Is in danger of being messed up. Here is why: There are two fundamental reasons for doing impact evaluation: learning and judgment. Judgment is simple – thumbs up, thumbs down: program continues or not. Learning is more amorphous – we do impact evaluation to see if a project works, but we try and build in as many ways to understand the results as possible, maybe do a couple of treatment arms so we see what works better than what. In learning evaluations, real failure is a lack of statistical power, more so than the program working or not. One could argue easily that judgment and learning are two sides of the same coin, but it’s really more yin and yang – but bear with me for a minute.
Now there are two big impact evaluation instigator camps – the policy sphere and the academic sphere. The academic sphere is all about the learning. The policy sphere is much more conflicted – and that’s where we need to be more thoughtful and explicit as institutions as to why we are doing impact evaluation.
Here’s why: while learning and judgment look like two sides of the same coin, they have very different implications for how an impact evaluation gets done. And that’s going to affect the quality of the results and the long term prospects for the shape of an evaluation culture.
Let me explain the differences. First: a judgment evaluation really requires the evaluator to be outside the project team. Impartiality trumps, and the credibility of that impartiality comes in part from being an outsider. If learning is the objective, the evaluator has to be inside the team – working with the project team to develop the questions the evaluation will address, the different treatment arms, maybe even aspects of the intervention. And my take is that impact evaluation done at a distance is almost always worse than that done in conjunction with the team – not least because the evaluator has less of a sense as to what the program actually did (including the treatment assignment, which can be a moving target) However, with close engagement, impartiality becomes, especially in terms of external credibility, much more cloudy.
Second, there is the question of how interventions get selected for an impact evaluation. In the world of judgment evaluations, they are selected by the folks in charge. Indeed, in this world it might even be a good idea to select them randomly – a sufficiently large budget would, in fact, give you a pretty good sense of performance (leaving aside the rather major problem that a significant fraction of what some agencies/governments do isn’t amenable to impact evaluation). For the learners, the selection of impact evaluations is driven by knowledge gaps: What don’t we know? What’s important to know? Can we find interventions to help us learn about this?
Third, as an extension of the points above, in judgment evaluations the program itself has no say in whether they are evaluated (in fact some non-trivial fraction will not want it – which from a judgment point of view is precisely the point). For a learning evaluation, the program has to want it, or at least allow the evaluators to proceed unhindered. While the judgment evaluator can work really hard on collecting the right data, the lack of program enthusiasm for this activity is likely to lower the overall quality of the data available in the end.
Fourth, there is an issue of what outcomes get evaluated. In a judgment evaluation, the project objective(s) as specified in the program document are all that matters. Learning evaluations should look at these, but are going to cast a wider net – and this will teach us things like the fact that conditional cash transfers might not only be good for keeping girls in school, but preventing HIV.
Fifth, the accountability of the evaluators is different, and this affects where they put their effort. For judgment evaluations, the evaluator serves some incarnation of management, and will answer the questions they want. For learning, the evaluator is responsible to a more diffuse bunch – management, the program team, the journal referees… This different emphasis has the potential to lead to different results. For example, the learning evaluator is more likely to spend more time and effort looking at heterogeneity when the average treatment effect is zero.
Sixth, the evaluation design itself is likely to be different. For a judgment evaluation, what matters is the aggregate effect. The learning evaluator is going to take a more organic approach – and while the aggregate effect matters, she or he is much more likely to look separately at different parts of the program or the impacts on different sub-populations.

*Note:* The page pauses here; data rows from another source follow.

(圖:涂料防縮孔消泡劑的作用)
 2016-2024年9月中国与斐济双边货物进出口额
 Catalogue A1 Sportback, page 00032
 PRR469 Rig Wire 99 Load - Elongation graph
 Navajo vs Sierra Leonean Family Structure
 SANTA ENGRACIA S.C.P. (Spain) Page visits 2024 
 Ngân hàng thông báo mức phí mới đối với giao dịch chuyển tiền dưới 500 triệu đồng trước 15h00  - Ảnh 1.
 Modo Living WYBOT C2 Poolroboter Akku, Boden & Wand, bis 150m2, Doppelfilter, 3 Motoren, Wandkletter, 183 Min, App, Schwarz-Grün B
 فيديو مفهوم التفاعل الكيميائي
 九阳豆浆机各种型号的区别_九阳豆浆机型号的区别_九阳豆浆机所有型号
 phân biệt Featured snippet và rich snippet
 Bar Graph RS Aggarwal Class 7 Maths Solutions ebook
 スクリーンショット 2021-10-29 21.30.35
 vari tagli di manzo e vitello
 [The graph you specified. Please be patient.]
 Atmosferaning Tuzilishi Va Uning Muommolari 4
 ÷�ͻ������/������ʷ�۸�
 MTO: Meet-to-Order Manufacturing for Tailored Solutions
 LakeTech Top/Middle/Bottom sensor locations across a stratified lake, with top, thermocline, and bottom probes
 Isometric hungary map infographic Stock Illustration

At the end of the day, for the policy sphere, this isn’t a dichotomy – impact evaluations in the policy sphere aren’t – for now – either judgment or learning, but have elements of both. However, I’ve been in a couple of discussions at more the one agency lately where I see a tilt towards the judgment side. I haven’t looked incredibly hard, but it strikes me that no (?) policy institution clearly articulates their view on this balance, and then indicates how their actions/commitments/resources line up behind this view. Should they make this explicit? Heck, should they tilt to one side? If not, how do they make the Tao stay in balance?